WORK INSTRUCTIONS: When you return the material, keep every line exactly as it is and omit the pictures.

PROVIDED MATERIAL:
......
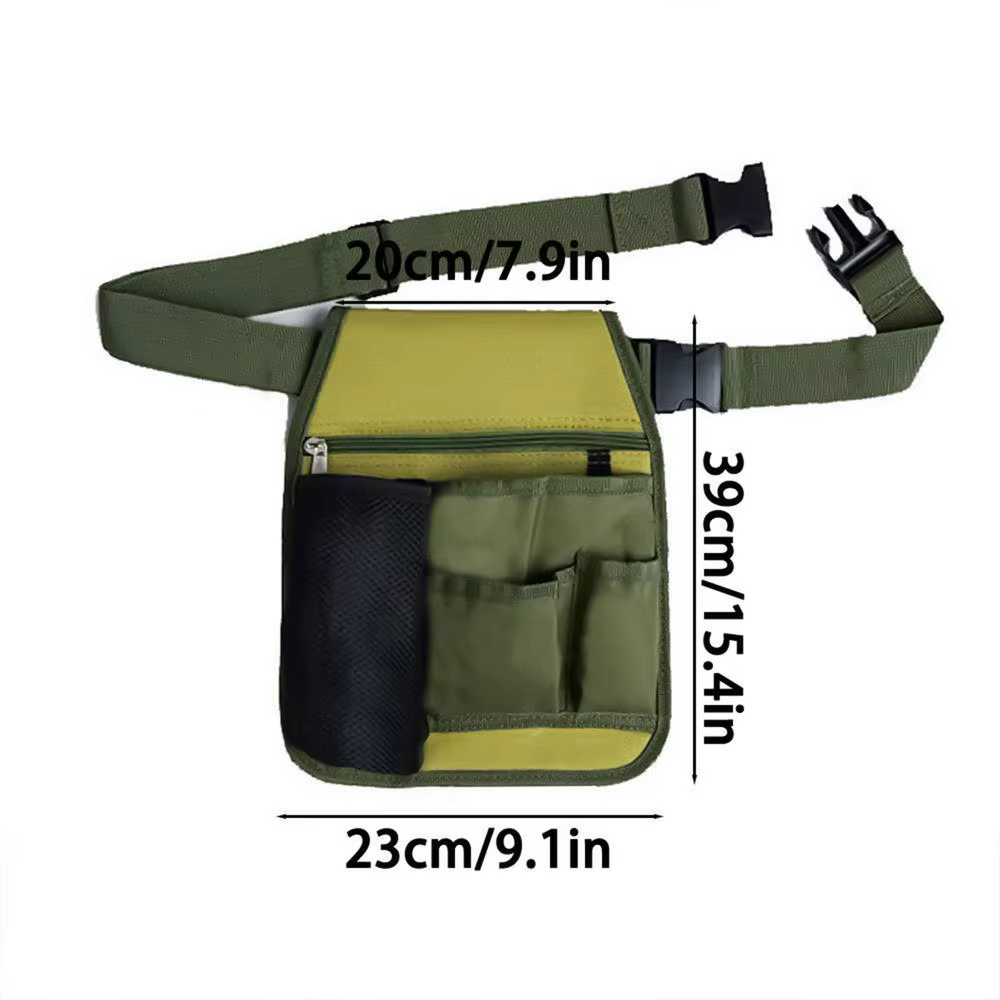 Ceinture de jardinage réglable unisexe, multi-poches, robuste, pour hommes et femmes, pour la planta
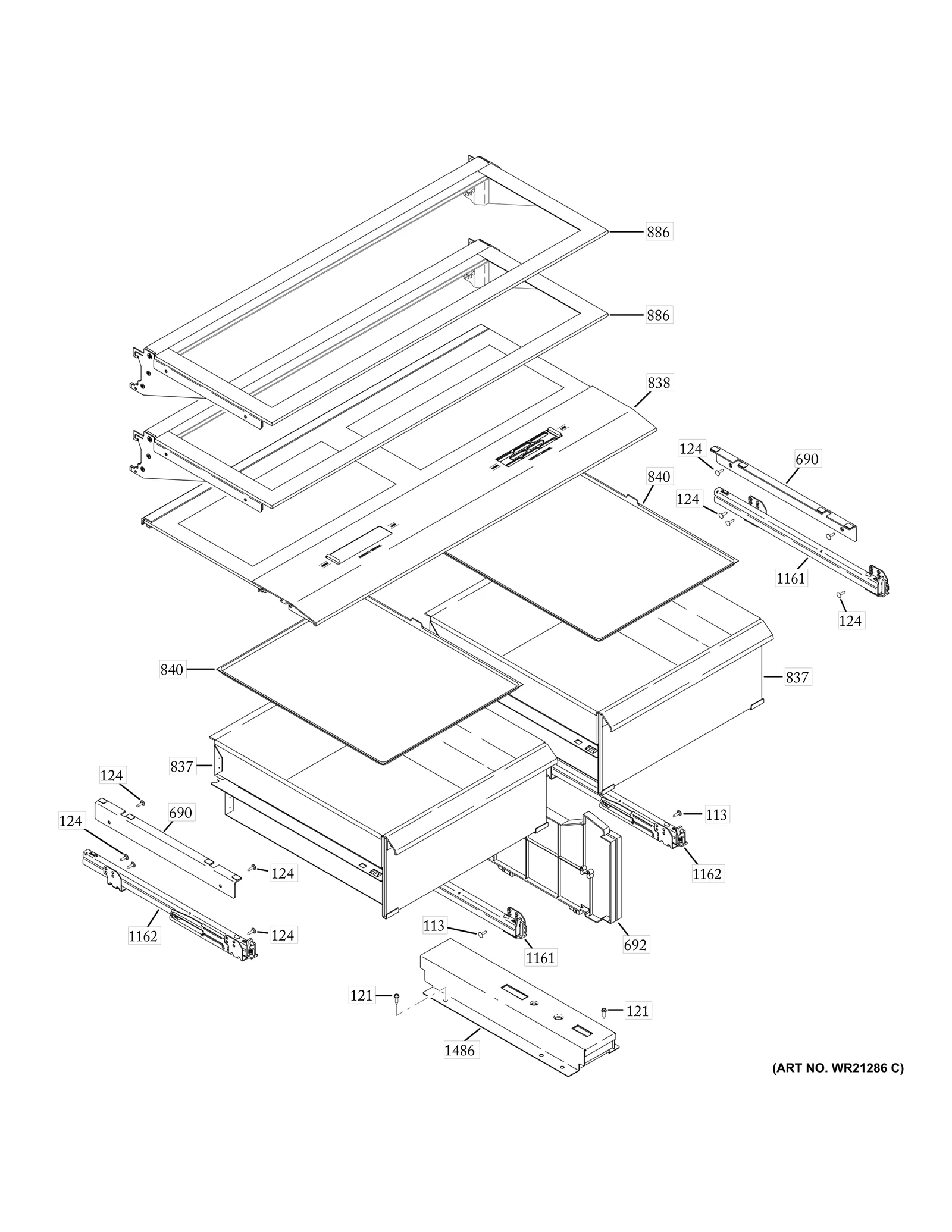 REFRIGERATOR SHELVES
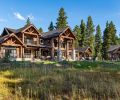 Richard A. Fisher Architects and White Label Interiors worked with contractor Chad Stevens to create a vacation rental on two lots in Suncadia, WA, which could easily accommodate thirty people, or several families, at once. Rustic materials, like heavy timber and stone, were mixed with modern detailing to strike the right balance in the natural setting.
......
SOLVED PROBLEM:
 Ceinture de jardinage réglable unisexe, multi-poches, robuste, pour hommes et femmes, pour la planta
 REFRIGERATOR SHELVES
 Richard A. Fisher Architects and White Label Interiors worked with contractor Chad Stevens to create a vacation rental on two lots in Suncadia, WA, which could easily accommodate thirty people, or several families, at once. Rustic materials, like heavy timber and stone, were mixed with modern detailing to strike the right balance in the natural setting.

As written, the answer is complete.